The Tate Exponentiation

The fact that each element of $\mathbb{F}_q$ has order $q-1$ can be used to shave time off the final exponentiation of a Tate pairing computation. Suppose we wish to raise $a \in \mathbb{F}_{q^k}$ to the power of

\[ n = \frac{q^k - 1}{r} = r^{-1} \prod_{d | k} \Phi_d(q) \]

Since $k$ is the embedding degree, we have $r | \Phi_k(q)$ (and no smaller cyclotomic polynomial, otherwise the embedding degree would be smaller). Then compute $a^n$ by first computing $a^{(q^k - 1)/\Phi_k(q)}$ using a few multiplications and inversions by exploiting the fact that $x^q = x$ for all $x\in\mathbb{F}_q$, and then exponentiating by $\Phi_k(q)/r$ in the usual way.

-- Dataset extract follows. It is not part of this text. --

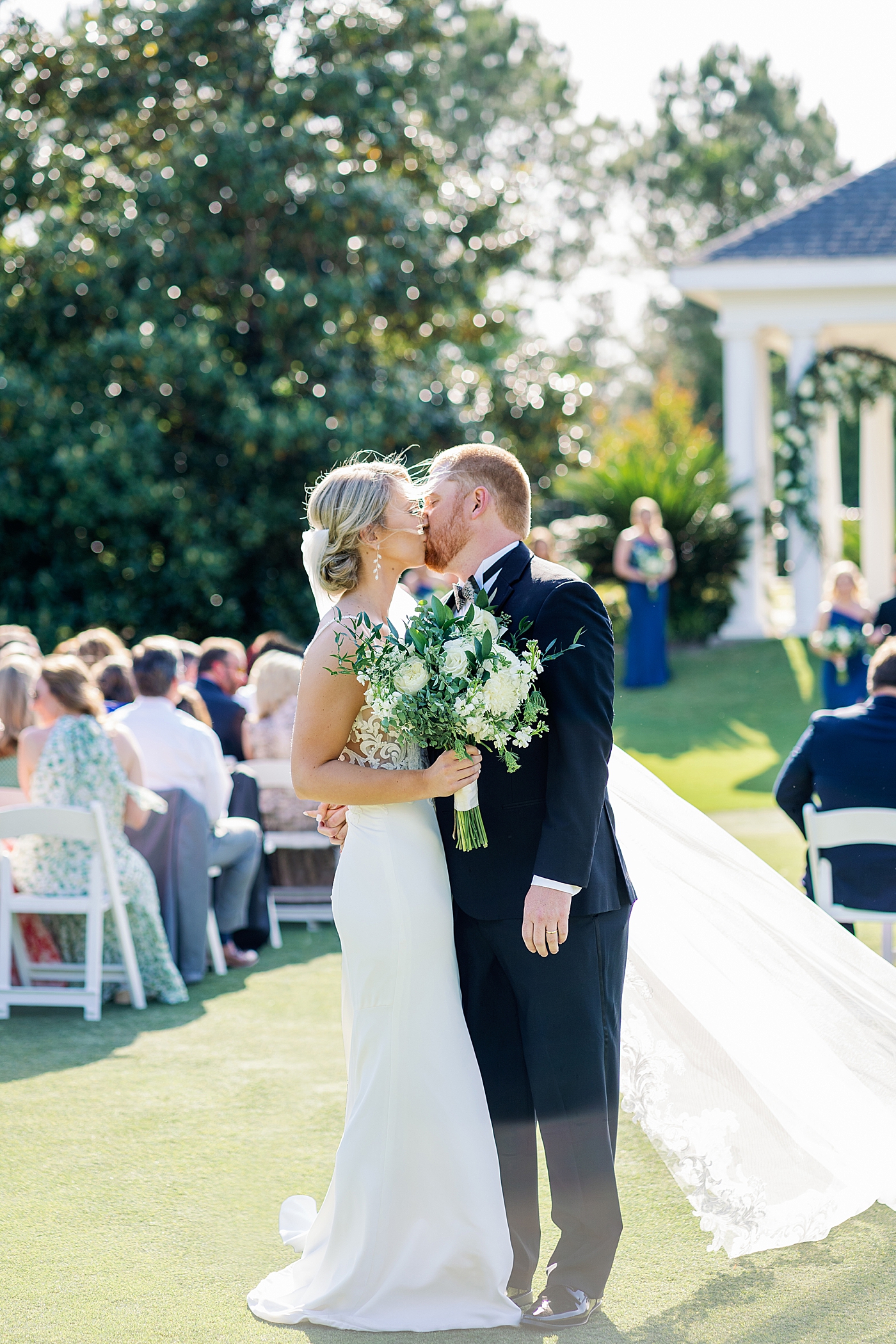 Bride and groom kissing as they walk down the aisle | Image by Annie Laura Photo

For example, suppose $k = 2$, and that we have implemented $\mathbb{F}_{q^2}$ as $\mathbb{F}_q [\alpha]$. (A common choice is $\alpha = i = \sqrt{-1}$.) We have $r | \Phi_2(q) = q + 1$. Write $a = u + \alpha v$ where $u, v \in \mathbb{F}_q$. Then

\[ a^{q-1} = (u + \alpha v)^q a^{-1} = (u + \alpha^q v)/a \]

where $\alpha^q$ is some constant that can be precomputed. [In particular, if $\alpha^2 = b \in \mathbb{F}_q$ for some quadratic nonresidue $b$ then $\alpha^q = \alpha b^{(q-1)/2} = -\alpha$.] Then exponentiate by $(q+1)/r$ to obtain $(a^{q-1})^{(q+1)/r} = a^n$.

Another example. Suppose $k = 6$ and $\mathbb{F}_{q^6} = \mathbb{F}_q[\alpha]$, and we wish to find $a^{(q^6 - 1)/r}$ for some $a \in \mathbb{F}_{q^6}$. We have $q^6 - 1 = \Phi_6(q) (q^4 + q^3 - q - 1)$ where $\Phi_6(q) = q^2 - q + 1$. Write $a = u_0 + u_1 \alpha + ... + u_5 \alpha^5$. Then compute

\[ a^{q^4 + q^3 - q - 1} =\frac{(u_0 + u_1 \alpha^{q^4} + ... + u_5 \alpha^{5q^4}) (u_0 + u_1 \alpha^{q^3} + ... + u_5 \alpha^{5q^3})} { (u_0 + u_1 \alpha^q + ... + u_5 \alpha^{5q})a } \]

Each power of $\alpha^q$ can be precomputed. Finally exponentiate by $(q^2 - q + 1) / r$.